(Directions) Each entry is to be transcribed exactly, with nothing added or dropped.

[[ Materials provided open ]]

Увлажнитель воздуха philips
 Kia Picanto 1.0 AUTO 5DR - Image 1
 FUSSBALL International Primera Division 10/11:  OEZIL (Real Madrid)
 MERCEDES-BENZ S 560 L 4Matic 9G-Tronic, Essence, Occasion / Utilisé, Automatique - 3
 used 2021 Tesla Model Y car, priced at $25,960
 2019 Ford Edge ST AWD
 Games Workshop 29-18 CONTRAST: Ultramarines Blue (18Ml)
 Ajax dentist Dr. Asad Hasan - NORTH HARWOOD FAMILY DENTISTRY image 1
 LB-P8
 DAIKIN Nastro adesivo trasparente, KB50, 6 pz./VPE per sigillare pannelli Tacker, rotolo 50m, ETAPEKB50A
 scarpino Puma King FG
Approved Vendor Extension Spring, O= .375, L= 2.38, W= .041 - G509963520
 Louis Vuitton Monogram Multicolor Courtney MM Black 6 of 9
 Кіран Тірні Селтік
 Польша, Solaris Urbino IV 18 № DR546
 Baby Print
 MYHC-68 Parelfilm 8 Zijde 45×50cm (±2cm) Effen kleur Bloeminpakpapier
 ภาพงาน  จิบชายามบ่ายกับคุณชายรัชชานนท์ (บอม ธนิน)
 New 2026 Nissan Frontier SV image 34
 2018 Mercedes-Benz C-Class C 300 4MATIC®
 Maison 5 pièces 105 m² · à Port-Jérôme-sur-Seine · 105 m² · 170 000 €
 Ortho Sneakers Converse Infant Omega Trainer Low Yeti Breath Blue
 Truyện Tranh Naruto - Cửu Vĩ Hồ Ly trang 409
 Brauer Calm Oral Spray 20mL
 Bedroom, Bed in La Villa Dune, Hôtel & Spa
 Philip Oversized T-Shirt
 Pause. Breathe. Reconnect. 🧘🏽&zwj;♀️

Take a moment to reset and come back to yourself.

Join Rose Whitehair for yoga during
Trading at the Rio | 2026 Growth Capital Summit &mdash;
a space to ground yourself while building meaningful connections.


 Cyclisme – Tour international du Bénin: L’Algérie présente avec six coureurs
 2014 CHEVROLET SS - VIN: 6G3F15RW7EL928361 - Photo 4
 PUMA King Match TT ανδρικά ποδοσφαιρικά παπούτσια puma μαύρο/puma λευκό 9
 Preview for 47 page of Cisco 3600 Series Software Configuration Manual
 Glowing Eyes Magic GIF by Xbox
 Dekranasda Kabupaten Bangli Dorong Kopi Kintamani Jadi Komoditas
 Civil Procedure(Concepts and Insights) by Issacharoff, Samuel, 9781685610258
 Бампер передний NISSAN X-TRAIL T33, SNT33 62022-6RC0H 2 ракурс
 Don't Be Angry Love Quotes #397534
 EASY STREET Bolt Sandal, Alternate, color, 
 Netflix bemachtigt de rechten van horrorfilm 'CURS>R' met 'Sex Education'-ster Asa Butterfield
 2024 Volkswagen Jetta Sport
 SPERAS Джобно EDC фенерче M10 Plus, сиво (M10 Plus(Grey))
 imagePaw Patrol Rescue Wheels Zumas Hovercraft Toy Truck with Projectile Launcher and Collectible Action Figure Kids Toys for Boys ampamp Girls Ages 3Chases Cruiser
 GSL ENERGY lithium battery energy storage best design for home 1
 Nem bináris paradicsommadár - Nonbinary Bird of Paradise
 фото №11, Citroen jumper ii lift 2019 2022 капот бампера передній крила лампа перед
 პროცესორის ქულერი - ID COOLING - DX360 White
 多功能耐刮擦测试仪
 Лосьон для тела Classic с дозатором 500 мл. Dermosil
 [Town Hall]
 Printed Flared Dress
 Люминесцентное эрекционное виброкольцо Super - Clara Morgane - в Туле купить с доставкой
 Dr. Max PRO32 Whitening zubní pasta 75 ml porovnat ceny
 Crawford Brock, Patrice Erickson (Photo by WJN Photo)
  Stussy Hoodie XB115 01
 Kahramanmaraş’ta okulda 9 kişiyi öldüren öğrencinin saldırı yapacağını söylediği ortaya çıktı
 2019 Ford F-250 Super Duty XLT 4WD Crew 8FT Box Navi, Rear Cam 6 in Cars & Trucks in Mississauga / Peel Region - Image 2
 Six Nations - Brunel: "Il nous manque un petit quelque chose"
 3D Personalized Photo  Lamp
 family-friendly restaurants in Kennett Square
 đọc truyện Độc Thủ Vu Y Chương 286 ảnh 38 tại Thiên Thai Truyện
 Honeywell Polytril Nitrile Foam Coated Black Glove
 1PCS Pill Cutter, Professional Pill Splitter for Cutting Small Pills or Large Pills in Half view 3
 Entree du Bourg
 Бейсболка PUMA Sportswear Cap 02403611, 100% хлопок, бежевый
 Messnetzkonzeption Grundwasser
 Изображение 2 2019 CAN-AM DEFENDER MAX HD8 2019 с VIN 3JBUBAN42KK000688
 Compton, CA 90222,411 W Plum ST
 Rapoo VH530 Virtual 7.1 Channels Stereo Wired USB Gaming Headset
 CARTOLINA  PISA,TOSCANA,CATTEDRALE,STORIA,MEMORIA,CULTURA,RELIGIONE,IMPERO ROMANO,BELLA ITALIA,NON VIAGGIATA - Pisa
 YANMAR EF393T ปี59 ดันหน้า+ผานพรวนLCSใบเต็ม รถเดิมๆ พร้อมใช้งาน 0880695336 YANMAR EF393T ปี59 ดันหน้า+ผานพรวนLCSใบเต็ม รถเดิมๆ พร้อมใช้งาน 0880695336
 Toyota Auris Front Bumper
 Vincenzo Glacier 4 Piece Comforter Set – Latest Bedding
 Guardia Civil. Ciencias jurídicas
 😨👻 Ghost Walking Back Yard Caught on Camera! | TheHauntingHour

[[ Materials provided closed ]]

(Solution)
Увлажнитель воздуха philips
 Kia Picanto 1.0 AUTO 5DR - Image 1
 FUSSBALL International Primera Division 10/11:  OEZIL (Real Madrid)
 MERCEDES-BENZ S 560 L 4Matic 9G-Tronic, Essence, Occasion / Utilisé, Automatique - 3
 used 2021 Tesla Model Y car, priced at $25,960
 2019 Ford Edge ST AWD
 Games Workshop 29-18 CONTRAST: Ultramarines Blue (18Ml)
 Ajax dentist Dr. Asad Hasan - NORTH HARWOOD FAMILY DENTISTRY image 1
 LB-P8
 DAIKIN Nastro adesivo trasparente, KB50, 6 pz./VPE per sigillare pannelli Tacker, rotolo 50m, ETAPEKB50A
 scarpino Puma King FG
Approved Vendor Extension Spring, O= .375, L= 2.38, W= .041 - G509963520
 Louis Vuitton Monogram Multicolor Courtney MM Black 6 of 9
 Кіран Тірні Селтік
 Польша, Solaris Urbino IV 18 № DR546
 Baby Print
 MYHC-68 Parelfilm 8 Zijde 45×50cm (±2cm) Effen kleur Bloeminpakpapier
 ภาพงาน  จิบชายามบ่ายกับคุณชายรัชชานนท์ (บอม ธนิน)
 New 2026 Nissan Frontier SV image 34
 2018 Mercedes-Benz C-Class C 300 4MATIC®
 Maison 5 pièces 105 m² · à Port-Jérôme-sur-Seine · 105 m² · 170 000 €
 Ortho Sneakers Converse Infant Omega Trainer Low Yeti Breath Blue
 Truyện Tranh Naruto - Cửu Vĩ Hồ Ly trang 409
 Brauer Calm Oral Spray 20mL
 Bedroom, Bed in La Villa Dune, Hôtel & Spa
 Philip Oversized T-Shirt
 Pause. Breathe. Reconnect. 🧘🏽&zwj;♀️

Take a moment to reset and come back to yourself.

Join Rose Whitehair for yoga during
Trading at the Rio | 2026 Growth Capital Summit &mdash;
a space to ground yourself while building meaningful connections.


 Cyclisme – Tour international du Bénin: L’Algérie présente avec six coureurs
 2014 CHEVROLET SS - VIN: 6G3F15RW7EL928361 - Photo 4
 PUMA King Match TT ανδρικά ποδοσφαιρικά παπούτσια puma μαύρο/puma λευκό 9
 Preview for 47 page of Cisco 3600 Series Software Configuration Manual
 Glowing Eyes Magic GIF by Xbox
 Dekranasda Kabupaten Bangli Dorong Kopi Kintamani Jadi Komoditas
 Civil Procedure(Concepts and Insights) by Issacharoff, Samuel, 9781685610258
 Бампер передний NISSAN X-TRAIL T33, SNT33 62022-6RC0H 2 ракурс
 Don't Be Angry Love Quotes #397534
 EASY STREET Bolt Sandal, Alternate, color, 
 Netflix bemachtigt de rechten van horrorfilm 'CURS>R' met 'Sex Education'-ster Asa Butterfield
 2024 Volkswagen Jetta Sport
 SPERAS Джобно EDC фенерче M10 Plus, сиво (M10 Plus(Grey))
 imagePaw Patrol Rescue Wheels Zumas Hovercraft Toy Truck with Projectile Launcher and Collectible Action Figure Kids Toys for Boys ampamp Girls Ages 3Chases Cruiser
 GSL ENERGY lithium battery energy storage best design for home 1
 Nem bináris paradicsommadár - Nonbinary Bird of Paradise
 фото №11, Citroen jumper ii lift 2019 2022 капот бампера передній крила лампа перед
 პროცესორის ქულერი - ID COOLING - DX360 White
 多功能耐刮擦测试仪
 Лосьон для тела Classic с дозатором 500 мл. Dermosil
 [Town Hall]
 Printed Flared Dress
 Люминесцентное эрекционное виброкольцо Super - Clara Morgane - в Туле купить с доставкой
 Dr. Max PRO32 Whitening zubní pasta 75 ml porovnat ceny
 Crawford Brock, Patrice Erickson (Photo by WJN Photo)
  Stussy Hoodie XB115 01
 Kahramanmaraş’ta okulda 9 kişiyi öldüren öğrencinin saldırı yapacağını söylediği ortaya çıktı
 2019 Ford F-250 Super Duty XLT 4WD Crew 8FT Box Navi, Rear Cam 6 in Cars & Trucks in Mississauga / Peel Region - Image 2
 Six Nations - Brunel: "Il nous manque un petit quelque chose"
 3D Personalized Photo  Lamp
 family-friendly restaurants in Kennett Square
 đọc truyện Độc Thủ Vu Y Chương 286 ảnh 38 tại Thiên Thai Truyện
 Honeywell Polytril Nitrile Foam Coated Black Glove
 1PCS Pill Cutter, Professional Pill Splitter for Cutting Small Pills or Large Pills in Half view 3
 Entree du Bourg
 Бейсболка PUMA Sportswear Cap 02403611, 100% хлопок, бежевый
 Messnetzkonzeption Grundwasser
 Изображение 2 2019 CAN-AM DEFENDER MAX HD8 2019 с VIN 3JBUBAN42KK000688
 Compton, CA 90222,411 W Plum ST
 Rapoo VH530 Virtual 7.1 Channels Stereo Wired USB Gaming Headset
 CARTOLINA  PISA,TOSCANA,CATTEDRALE,STORIA,MEMORIA,CULTURA,RELIGIONE,IMPERO ROMANO,BELLA ITALIA,NON VIAGGIATA - Pisa
 YANMAR EF393T ปี59 ดันหน้า+ผานพรวนLCSใบเต็ม รถเดิมๆ พร้อมใช้งาน 0880695336 YANMAR EF393T ปี59 ดันหน้า+ผานพรวนLCSใบเต็ม รถเดิมๆ พร้อมใช้งาน 0880695336
 Toyota Auris Front Bumper
 Vincenzo Glacier 4 Piece Comforter Set – Latest Bedding
 Guardia Civil. Ciencias jurídicas
 😨👻 Ghost Walking Back Yard Caught on Camera! | TheHauntingHour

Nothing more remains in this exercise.